Through the chair, thank you.
The fixed buoy program, where it can actually be licensed and put in correctly, holds a boat in place and does work quite well when there is a landowner who can keep an eye on the boat and look after it. Making a more elaborate program under federal navigation to authorize and license buoys is a good thing to do if you're going to anchor.
The other thing is to not allow anybody to anchor over a couple of days in any one place and to find a way of policing that. There are examples of where that does work—False Creek and Nanaimo Harbour—where there is a body that can monitor it, get people to move on when they stay too long and take care of boats that are basically abandoned at anchor illegally. That involves having an organization that will do it and also giving them the authority to do it, which doesn't happen in the rural areas where most of this stuff is occurring. It would require some changes in regulation if you went that way.
The only other way that would work would be to increase monitoring by the existing official bodies like the Coast Guard and start enforcing those regulations.
I have to say that, when the boat is sunk, we can then do something about it, because the local people will identify where it is. They'll start all the paperwork. At that point, we do pick it up and crunch it up. The problem is solved as long as the boat is small enough that we can handle it.

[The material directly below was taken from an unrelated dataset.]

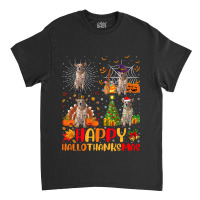 Halloween Christmas Australian Cattle Dog Hallothanksmas Classic T-shirt | Artistshot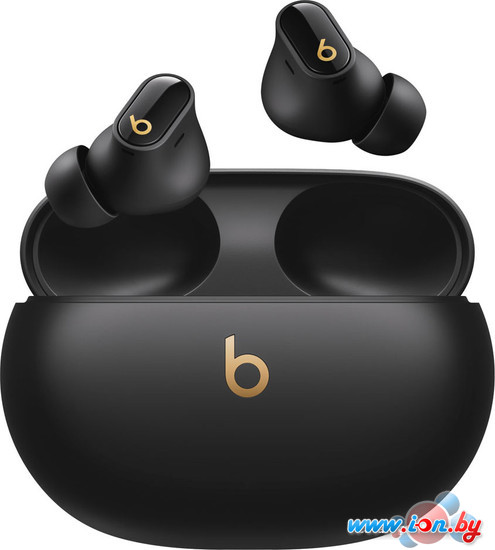 Наушники Beats Studio Buds+ (черный/золотистый) в Могилёве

Our greatest fear right now is if our Pacific Challenger goes down. It's a 160-foot steel boat. The Coast Guard has removed most of the pollutants, but when something like that goes down to the bottom of the ocean, it causes a lot of damage when it hits. You can't find a spot deep enough in a little harbour where it doesn't become a natural reef, let's call it. In fact, it becomes a hazard to navigation. We need to find a way of looking after those bigger boats as well, because the community and our existing program just can't handle that part of it. It has to be a multijurisdictional effort to get together and figure out solutions.